Ever since the first Earth Day on April 22, 1970, when many of us Boomers had grand intensions to make sincere changes and improve how we treated our planet, we really haven’t held up our end.
Sad to say, we betrayed our idealism badly, and the earth is suffering. We’re already witnessing a measurable rise in sea levels and ocean acidification, unprecedented glacial and ice sheet melting, extreme weather events, and species extinction rates that are well on the way to becoming the worst since that darn asteroid plunged into the Gulf of Mexico.
A case could be made for throwing up our hands and yelling, “Sorry kids. Our bad!” as we peel out of the driveway to hit the links for a few more rounds before we die, or our house goes under water, whichever comes first.

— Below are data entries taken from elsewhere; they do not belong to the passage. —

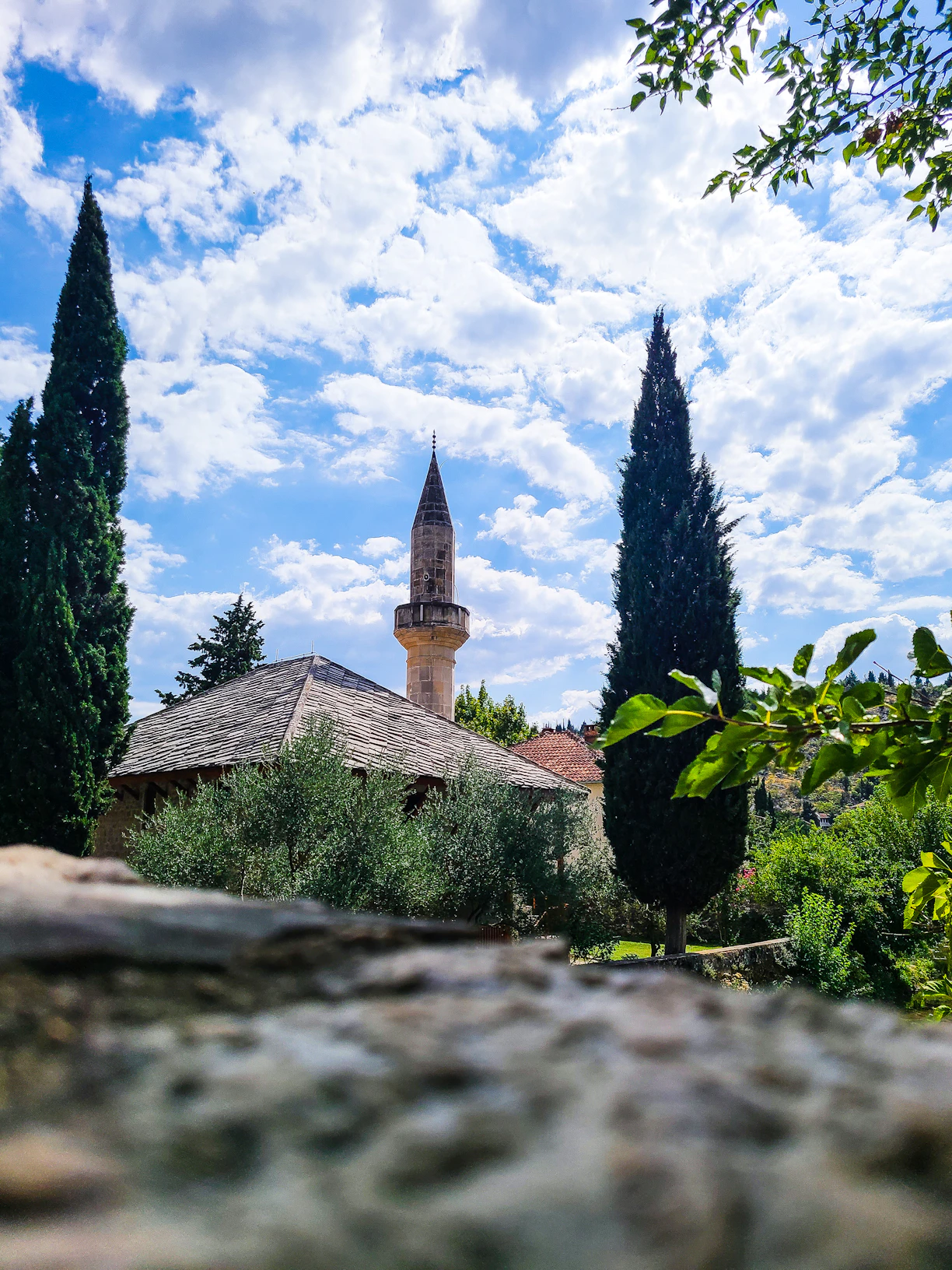 A serene morning scene of a traditional Malay village mosque surrounded by lush greenery.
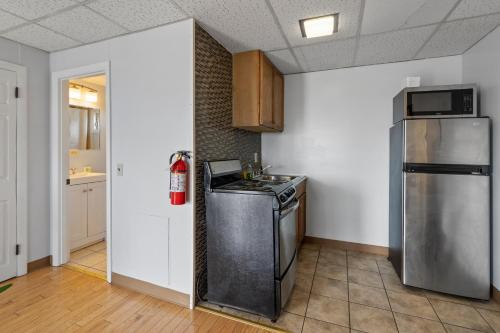 a kitchen with a stove and a refrigerator at Mt Royal Motel in Old Orchard Beach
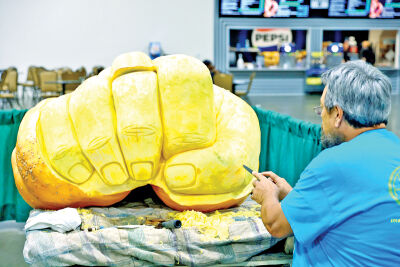  Johnnie Martinez, of Birch Run, carves a fist out of a 661-pound pumpkin to show “Detroit Grit.”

But despair and retreat simply aren’t viable options. We have too much skin in the game. And what’s more, we may be among the last generations that can still ease back the throttle, determining whether we hit the greenhouse gas wall at 30 miles per hour, or 100.
The recent agreement at COP21 in Paris is a sign that all is not lost, that humans can still choose to turn their ship around. It’s not a perfect agreement, of course—but when you’re dealing with 200 nations, compromise seems like a realistic goal. And it’s a promising start.

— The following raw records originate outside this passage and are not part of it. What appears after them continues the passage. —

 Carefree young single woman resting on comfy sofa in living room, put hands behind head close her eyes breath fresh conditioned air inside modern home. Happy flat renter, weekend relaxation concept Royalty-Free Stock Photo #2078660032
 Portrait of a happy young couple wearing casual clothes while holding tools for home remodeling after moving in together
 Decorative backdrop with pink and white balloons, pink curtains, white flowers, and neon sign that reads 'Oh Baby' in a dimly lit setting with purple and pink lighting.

For me, as a grandfather, being able to look my grandkids in the eye and feel like I did my part is a priority. Here’s are four easy things we can do right now to help promote a sustainable planet.
Do the little things—Believe it or not, small choices we make daily really do add up. Turn out lights when their not in use, and replace them with new LED bulbs when possible. Take cable boxes and computers out of “sleep” mode and shut them down completely overnight. Make sure your tires are inflated properly. Use programmable thermostats. Each of these and similar actions may seem insignificant as individuals, but across large populations can reduce our carbon footprint dramatically.
Eat lots of veggies—Growing cattle, pigs, and chickens is one of the most detrimental activities on the globe, adding millions of tons of methane into the atmosphere. According to the United Nations, 18 percent of manmade greenhouse gas emissions globally come from raising livestock, including the fuel and fertilizer it takes to grow feed and the waste animals create themselves. Vegetarian cuisine has come a long way since the ol’ bean sprout days, and if everyone had one “meatless” meal a week, it would be a very big deal.
Watch and recommend Racing Extinction—This recent 90-minute program on the Discovery Channel by filmmaker Louie Psihoyos is a moving, profoundly disturbing, yet ultimately hopeful documentary pleading for action to avoid further species extinction. It’s still part of Discovery’s currently available programming, and it’s downloadable on iTunes or Amazon. Watch it (if possible with your grandchildren, if they’re mature enough). And the Racing Extinction website has all kinds of educational tools, personal and group projects, news, and opinion to help you become environmentally proactive.
Fight to have COP21 ratified—Believe it or not, nudging our representatives in Congress helps move the needle. Write, call, text, e-mail, tweet, pin, or Instagram your representatives to ratify COP21.
It’s easy sometimes to feel like we don’t have any control of what’s happening in our world, but these are the little things that we as individuals can do that can have a big impact for our kids, our grandkids, and our world.